Copy the lines below word for word, skipping any image.
+++ LISTED RECORDS +++
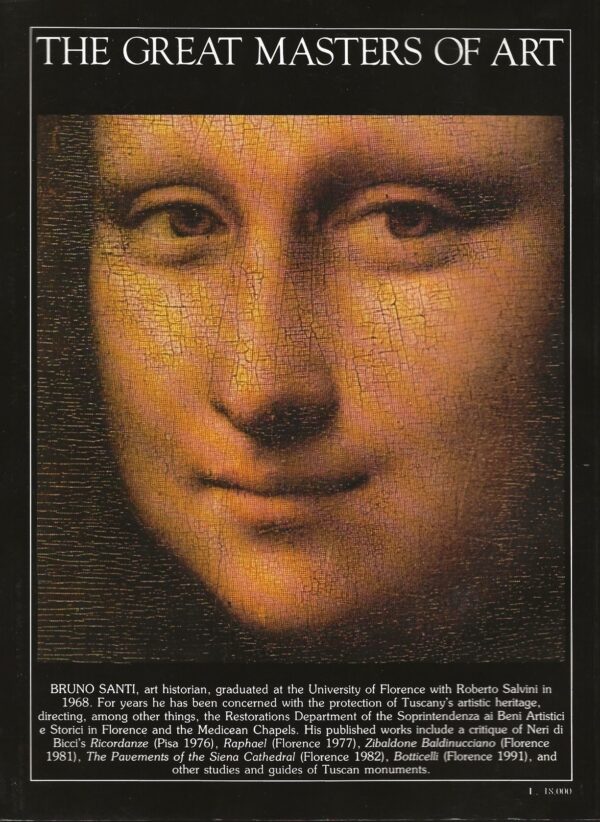 leonardo da vinci great masters of art back cover 1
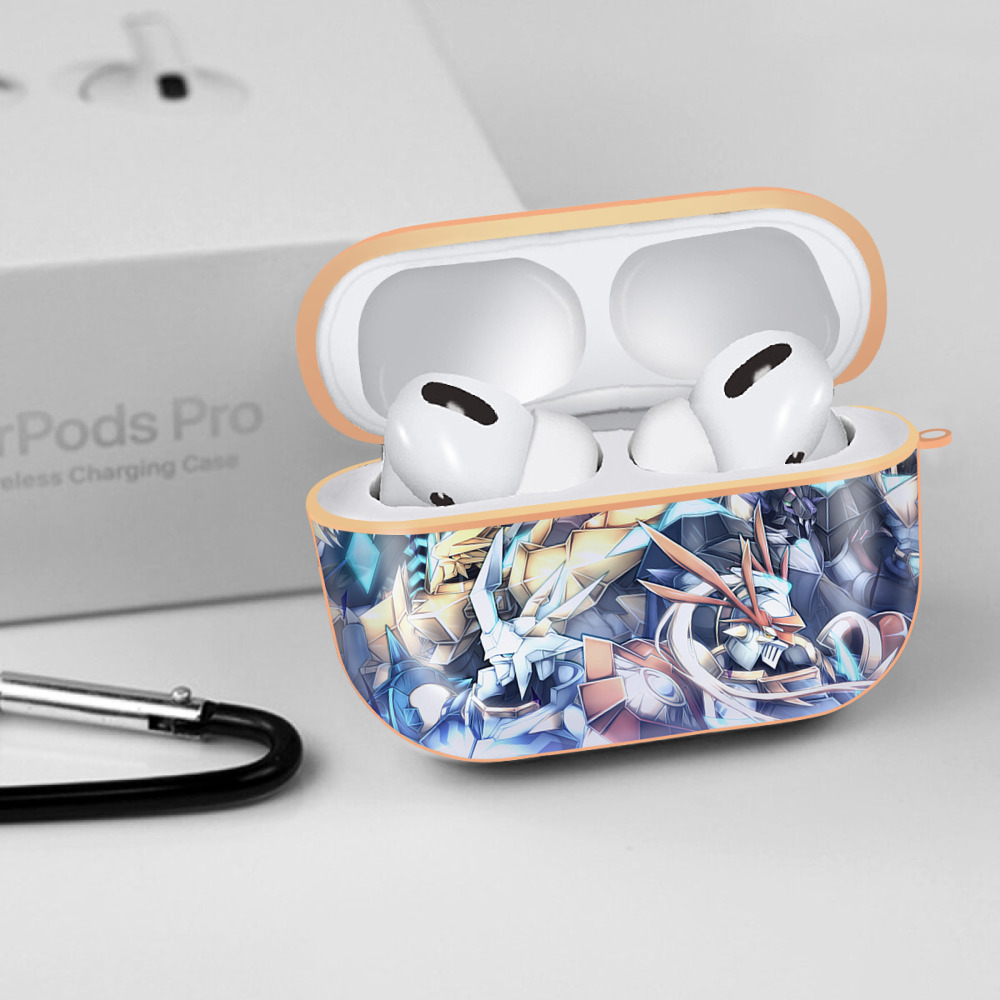 Digimon デジタルモンスター/デジモン 【AirPods Pro用】ハードシェル保護ケース｜耐衝撃・防指紋・カラビナ付き商品仕様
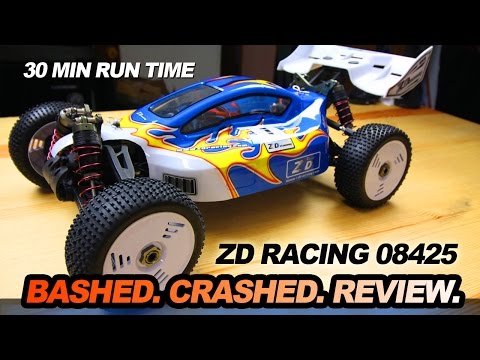 ZD Racing 08425 1:8th Scale Car - BASHED CRASHED REVIEW - UCwojJxGQ0SNeVV09mKlnonA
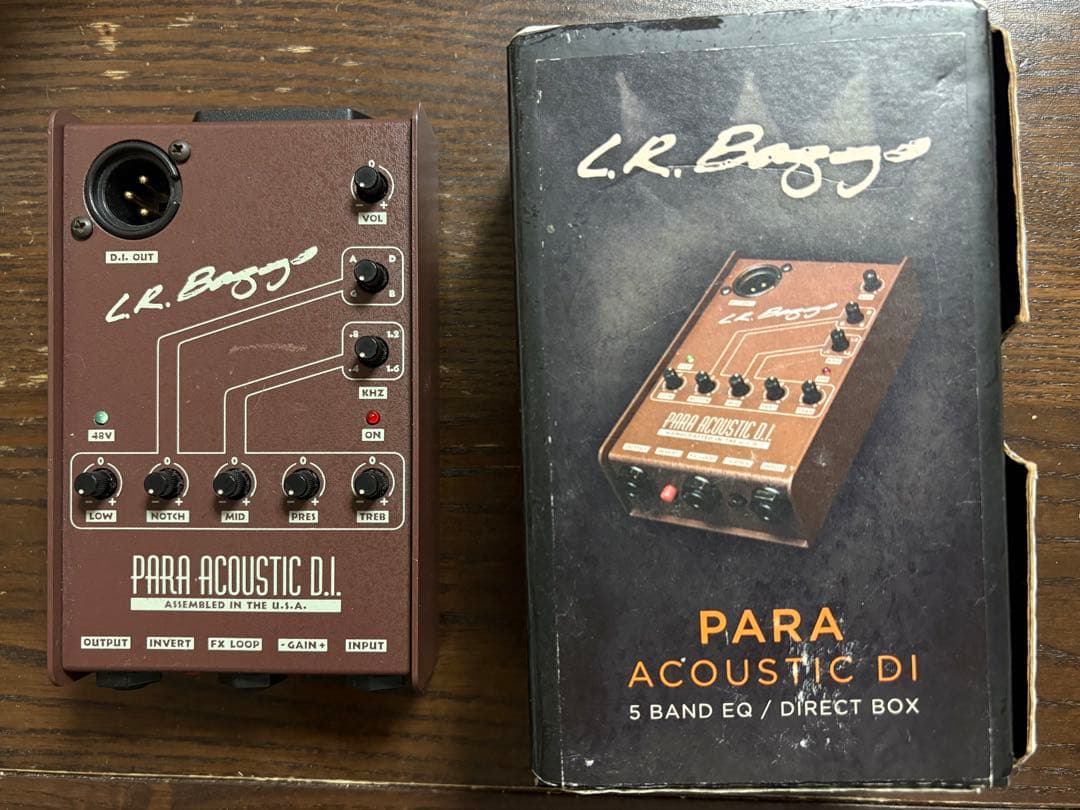 L.R. Baggs PARA ACOUSTIC D.I. アコギ　プリアンプ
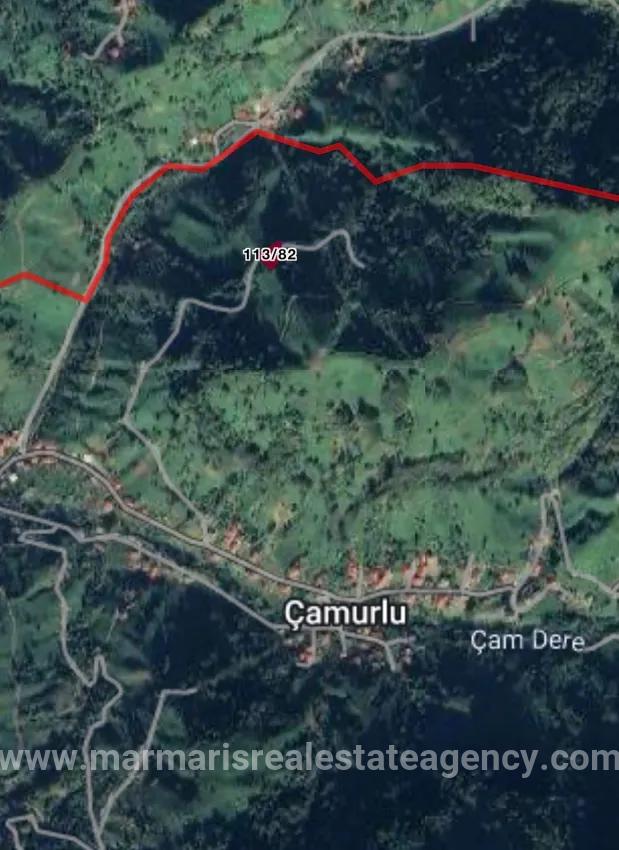 In the village of Hopa Kemelpaşa, a Tea garden with a 650 m2 road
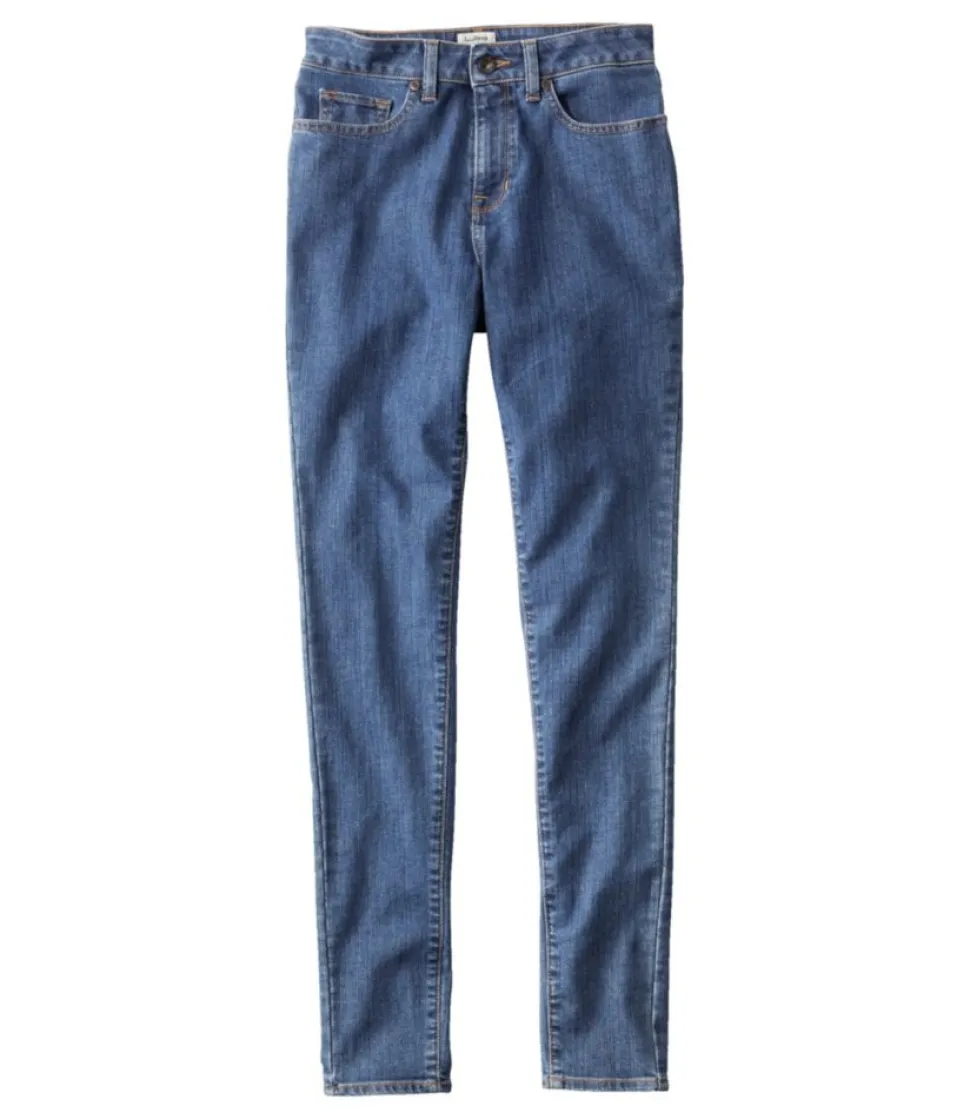 Discount L.L.Bean "Women's True Shape Jeans, High-Rise Skinny-Leg"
+++
> EXERCISE SOLUTION
 leonardo da vinci great masters of art back cover 1
 Digimon デジタルモンスター/デジモン 【AirPods Pro用】ハードシェル保護ケース｜耐衝撃・防指紋・カラビナ付き商品仕様
 ZD Racing 08425 1:8th Scale Car - BASHED CRASHED REVIEW - UCwojJxGQ0SNeVV09mKlnonA
 L.R. Baggs PARA ACOUSTIC D.I. アコギ　プリアンプ
 In the village of Hopa Kemelpaşa, a Tea garden with a 650 m2 road
 Discount L.L.Bean "Women's True Shape Jeans, High-Rise Skinny-Leg"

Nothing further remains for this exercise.